To investigate the long-term health of childhood cancer survivors, by means of systematic and comprehensive clinical evaluation of their health in comparison to the general population, researchers in Germany found that as adults these people were at increased risk of having high blood pressure and dyslipidaemia (abnormal, usually high, levels of cholesterol and other fats in the blood).
These conditions occurred six and eight years earlier respectively when compared with the general population. In addition, childhood cancer survivors had a nearly two-fold increased risk of cardiovascular diseases such as congestive heart failure and venous thromboembolism.
Cardiovascular disease was found in 4.5 percent of survivors and occurred in the majority before they reached the age of 40, nearly eight years earlier than in the general population.
Between October 2013 and February 2016, a total of 951 adult long-term survivors of childhood cancer, underwent a clinical examination that included assessing factors that might put them at higher risk of cardiovascular diseases, such as high blood pressure and dyslipidaemia.
The researchers also checked their medical history, whether or not they smoked and whether there was any family history of cardiovascular disease.
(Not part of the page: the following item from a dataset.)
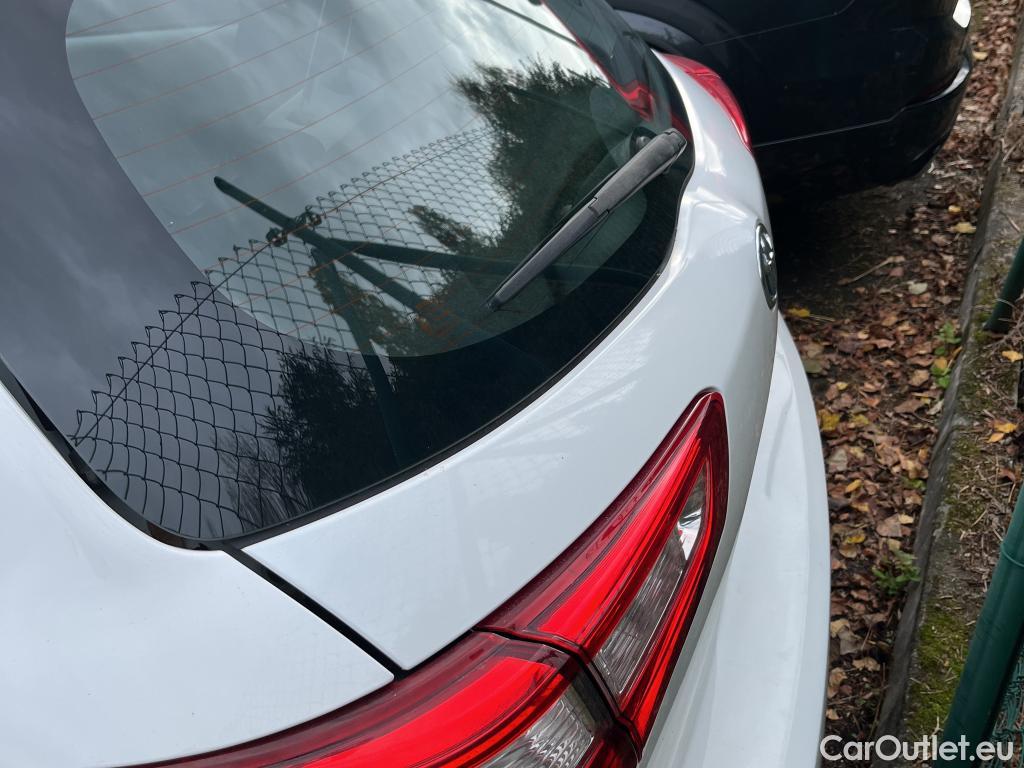  Toyota  Yaris TOYOTA  / 2017 / 5P / berlina con portón 1.5 100H Active #23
Their ages ranged from 23 to 48 at the time of this follow-up.
The results were compared with over 15,000 people selected from the general population. Researcher Joerg Faber said in the study published in the European Heart Journal, “Our results show that these survivors of childhood cancer have a substantially elevated burden of prematurely occurring traditional cardiovascular risk factors and cardiovascular diseases”.
“We found that a remarkable number attended their clinical examination for this study with previously unidentified cardiovascular risk factors and cardiovascular disease. For example, only 62 out of 269 were aware of having dyslipidaemia. Consequently, 207, approximately 80 percent, were only diagnosed at that point. This applies to high blood pressure in the arteries as well.”